The other day, I received a comment from Naperville, Illinois Home Inspector Carol Fisher to a recent post on how long inspectors need to hold on to inspection reports.

Carol, who posed the original question, wrote: “The answer you gave is safe.  Of course I would save my digital reports, but some of us have been out there in the dinosaur era when they weren’t digital. Plus even today I still have paper relative to each report that I still need to keep even if the inspection report is digital. I have 21 years of reports and I would like to get rid of some of them. There must be some limit of liability to this industry or case law that would help in validating a time frame.”

Point taken. I confess that, in responding to Carol’s original question, I hadn’t even considered that the legion of home inspection pioneers who created this industry generated their reports the old-fashioned analog way. I’ll try to rectify that oversight with this post.

As I have repeatedly pointed out on this site and in home inspector training seminars, claims that are made against home inspectors almost never have any validity. And the proof of that can generally be found in the inspection report itself. It is the inspection report that is of inestimable help to me in responding to claims on behalf of home inspectors. So hanging on to them for some length of time is a matter of considerable self-interest.

But how long do you really need to keep them?

I recently wrote that sixty percent of all home inspection claims are made within one year of the inspection and ninety percent are made within two years.
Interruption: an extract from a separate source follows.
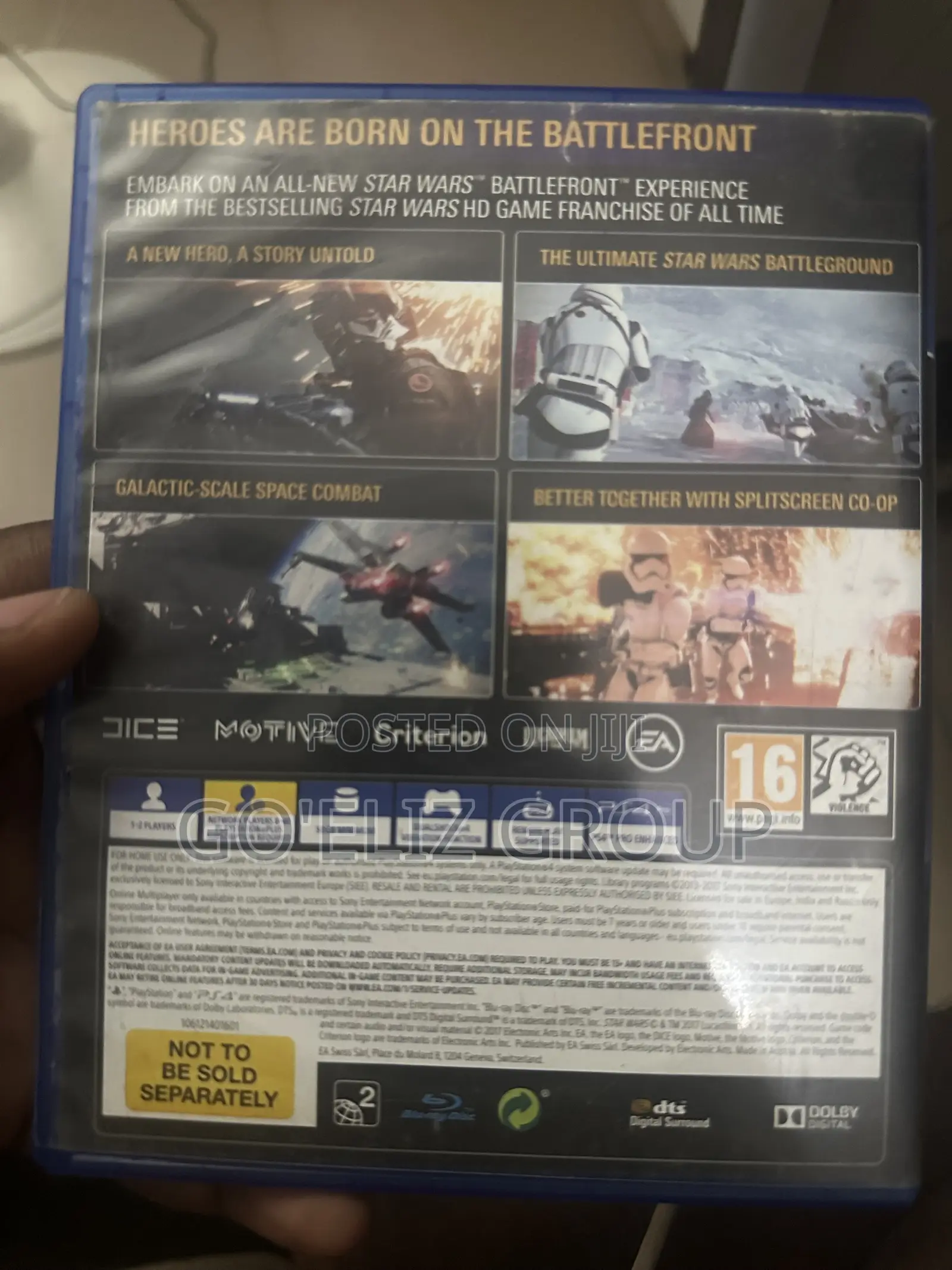 Star Wars Battlefront 2 PS4 CD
You can well imagine how valid a claim could possibly be if the issue is not discovered for more than two years.

I also wrote that inspectors should contractually limit to one year the time in which a client can present a claim or be forever barred from doing so, thus avoiding forty percent of all potential claims.

Additionally, the statute of limitations on tort claims in most jurisdictions is two years.

So for the dinosaurs in my readership, you can probably safely jettison analog reports that are older than three years without much to fear.

Digital hipsters, for whom storage space should not be an issue, should follow my original advice and hold them forever.